This would be ideal.  But the integration does not neccessarily
means to put everything into one binary executable.

> > In my personal opinion, future doxygen should focus on producing
> > quality XML output ONLY -- possibly using more than one markup
> > (DocBook XML be the major one, possibly also some proprietary XML in
> > the sense similar to producing RTF specific for some versions of
> > Microsoft Word).  Focusing on a single output form can make doxygen
> > lighter, faster, containing fewer bugs.
> 
> Yes but one interesting feature of Doxygen is precisely this
> multiple input/output. If using a intermediate XML output could
> be interesting, Doxygen should be able to provide the other
> output, even if it is done using other existing tools. And to use
> the multiple input. Currently only LaTeX and HTML I believe.

Yes, they are the strong and weak points at the same time.  
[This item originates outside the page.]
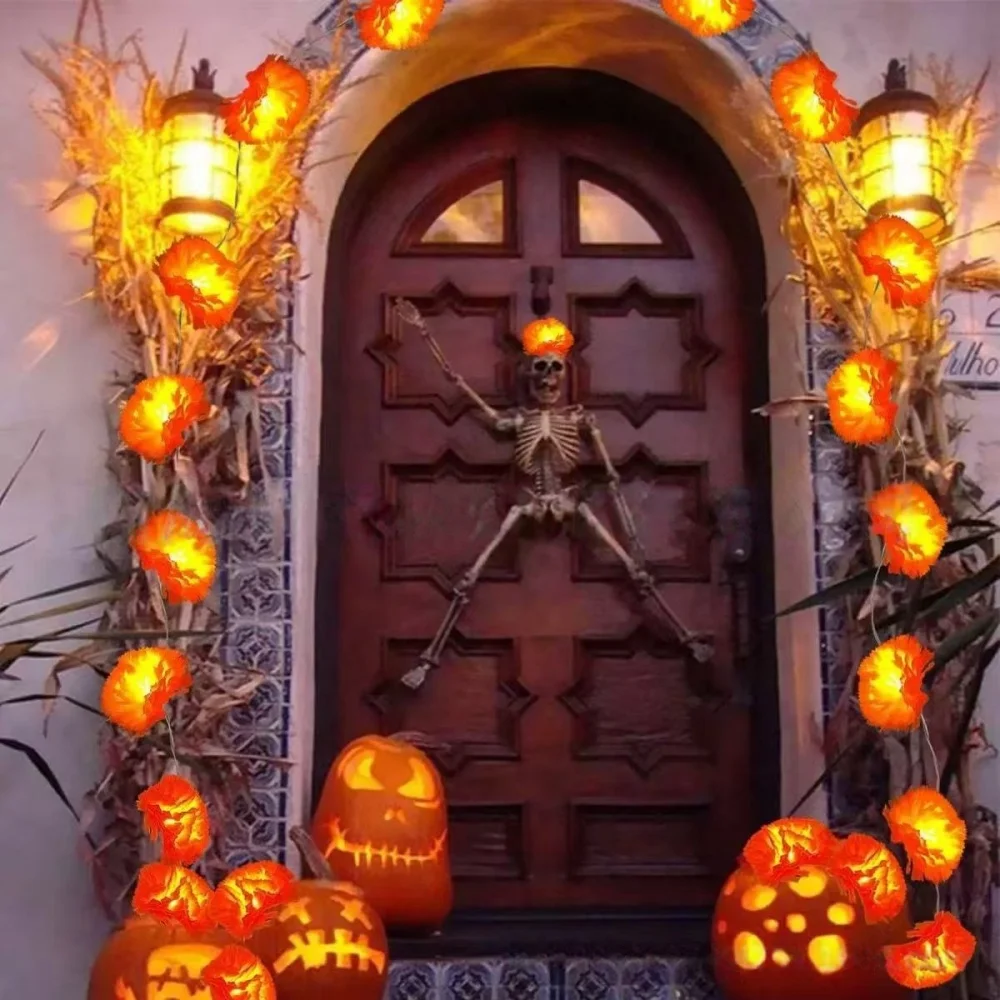 1.5M/3M Marigold Flower LED Halloween Day of the Dead Lights for Garden Patio Yard Window Home Festival Atmosphere Decoration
The strong point is that having one binary executable, you have
everything you need.

The problem is that it generally works correctly only for English
and possibly for few other languages.  To make it working for e.g.
Czech would require some non-trivial internal changes of doxygen.

Because of that, I guess that there will always be a group of users
who are satisfied with doxygen as-is, and who would be against the
big changes (the English language users).  They may claim that there
is nothing big to improve.

Another weak point is that the set of generated outputs is
restricted by doxygen.  As far as I know, the DocBook XML output 
could be used to produce all the outputs that one gets from doxygen
today.  Similarly, the input formats are restricted by the internal
parser (basically C/C++/Java) and only slightly extended via input
filters.

Someone named XML "the ASCII of the future", and there is a strong
evidence that DocBook DTD will dominate in the area of writing
technical documentation.  As far as I can imagine, there are no
limitations with respect what doxygen can produce now and also in
future.  

DocBook is said to be the second most widespread DTD (HTML is the
first one).  However, the HTML is rather more presentation-oriented.
In other words, HTML is used rather as the final form of documents.
DocBook, on the other hand, is better for capturing the structure of
the document with all the necessary redundancy for postprocessing
into more output forms.

LaTeX is somewhere between.  While its main plus is the ability to 
capture the structure of the document, it is still very special and
oriented to producing the final output, including some visual
details that are not reliably convertable into other form of the
output.

> Now choices have to be made and precise specifications written in
> a separate document. Mails are not enough to discuss seriously.

Exactly.  In my opinion, we should focuse on the back-end at the
beginning. 

-- 
Petr Prikryl, SKIL, spol. s r.o., pri...@sk...